**DATA FOR THIS EXERCISE:**
********************

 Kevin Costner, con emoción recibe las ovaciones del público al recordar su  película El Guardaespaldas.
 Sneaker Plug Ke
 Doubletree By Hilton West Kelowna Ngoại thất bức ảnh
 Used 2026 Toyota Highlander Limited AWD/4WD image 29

********************

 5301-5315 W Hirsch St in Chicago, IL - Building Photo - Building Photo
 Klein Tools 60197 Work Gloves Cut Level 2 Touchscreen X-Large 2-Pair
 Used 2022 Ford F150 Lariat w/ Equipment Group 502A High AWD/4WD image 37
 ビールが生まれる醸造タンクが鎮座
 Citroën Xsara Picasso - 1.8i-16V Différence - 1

********************

Take the records above and return, word for word, only the lines that fall from the line with "Klein Tools 60197" to the line with "Citroën Xsara Picasso", both of them included.

 Klein Tools 60197 Work Gloves Cut Level 2 Touchscreen X-Large 2-Pair
 Used 2022 Ford F150 Lariat w/ Equipment Group 502A High AWD/4WD image 37
 ビールが生まれる醸造タンクが鎮座
 Citroën Xsara Picasso - 1.8i-16V Différence - 1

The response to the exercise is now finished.